Perché oggi potrebbe parlare la multipolarità operativa della Caritas alerese – in patria e fuori, fino nei continenti più lontani – per dimostrare che la profezia non è stata soltanto quella del vescovo Pilo o del vescovo Tedde, e che la profezia – la profezia! – legittima ancora lo status di cattedrale d’una chiesa che pur era nata, come storicamente è provato, lontano dal villaggio, per poi chiamarlo a sé il villaggio, il villaggio attorno al tabernacolo, il villaggio servito nella sue necessità umane e spirituali da un bastone pastorale fattosi appassionato strumento di guida e protezione. Anticipazioni e profezie come quelle della lettera “In paupertate” del 1949, come oggi sono le sperimentazioni sinodali delle unità pastorali, modello destinato ad imporsi a più vaste platee oltre la Marmilla, il Terralbese o il medio Campidano, rivelandosi per le intime virtù comunitarie certo assai in sovrappiù che per l’adeguatezza di risposta ad un bisogno d’accompagnamento. 

Contro l’usura vampiresca i monti frumentari e di pietà, contro le diseguaglianze insopportabili perfino nell’amministrazione dei sacramenti e contro la diserzione delle pubbliche istituzioni dai bisogni popolari e delle giovani generazioni… per il soccorso delle sementi nelle campagne, per le scuole ad Ales (il comprensivo San Giovanni Bosco: media, ginnasio, magistrale, poi anche il corso professionale) e San Gavino (giusto il bis della Beata Vergine della Speranza), a Guspini (la media Contardo Ferrini)… Il collegio vescovile San Domenico Savio per l’accoglienza di marmillesi e non solo, la santa fantasia al servizio di tutti, l’iniziativa organizzativa calata negli anni duri e lenti successivi alla guerra, ai lutti e agli scompaginamenti famigliari. Tutto si tiene, com’era stato due secoli prima, nell’opera dei vescovi Beltran, Manunta, Cugia… e Pilo.  

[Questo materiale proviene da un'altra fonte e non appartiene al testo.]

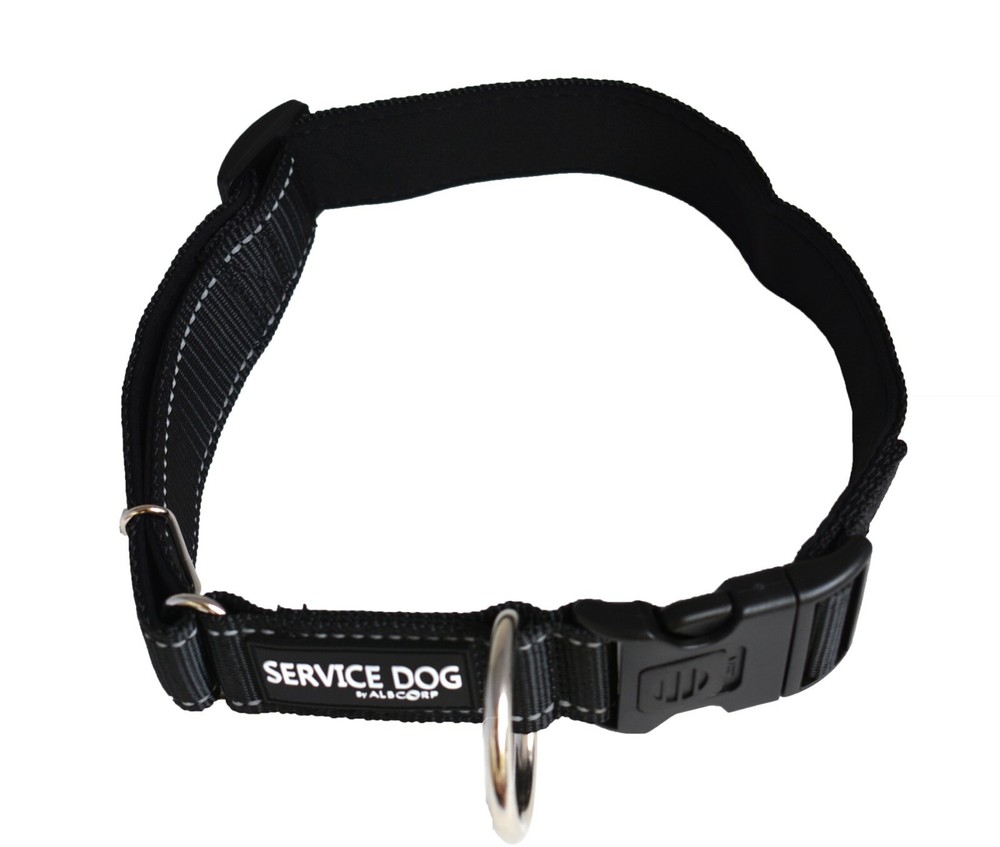 ALBCORP Reflective Service Dog Collar- Rubber Patch-Durable Nylon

E’ un andare e venire: metti l’associazionismo incoraggiato dal vescovo Emanuelli, vero polmone di socialità e promozione anche civile, pur con tutti i limiti di epoche sfortunate, in paesi altrimenti costretti ad infecondi individualismi e meste solitudini. La storia vissuta può entrare nel giudizio di merito (circa la sorte alerese) dei monsignori dell’apparato CEI?

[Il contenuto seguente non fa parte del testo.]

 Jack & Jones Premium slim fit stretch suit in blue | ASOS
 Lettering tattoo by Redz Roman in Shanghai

Con il policentrismo e l’intersocialità pastorale, il risolutivo interventismo in agricoltura così come nella scuola, l’evangelica riforma tariffaria così ampiamente anticipatrice della riflessione conciliare del parigino cardinale Feltin (presidente di Pax Christi) e l’attuale operatività delle fraternità pastorali in felice rimedio delle avarizie vocazionali (di tradizione), la Caritas radiale, di rimandi perfino intercontinentali – fino al Ciad e alla Tanzania all’Honduras e all’Argentina –, l’inimmaginabile rete solidaristica fra centri d’ascolto, comunità di varia tipologia, cooperative di rinforzo lavorativo mai disgiunto da un messaggio pedagogico, Ales – che vuol dire anche Villacidro e Guspini, Lunamatrona e Tuili, Mogoro e Terralba, San Gavino e Sardara, e metti tutti gli altri centri della Giara e del Linas, di su e di giù – si racconta, presentandosi al giudizio. Cuore interprovinciale della Sardegna meridionale e centrale, potrebbe costituire, nei nuovi assetti delle circoscrizioni ecclesiastiche sarde cui si lavora, un modello non da sacrificare, piuttosto da studiare e rilanciare. Perché l’originalità dei poveri, nel fare e nel pensare, è vincente sempre.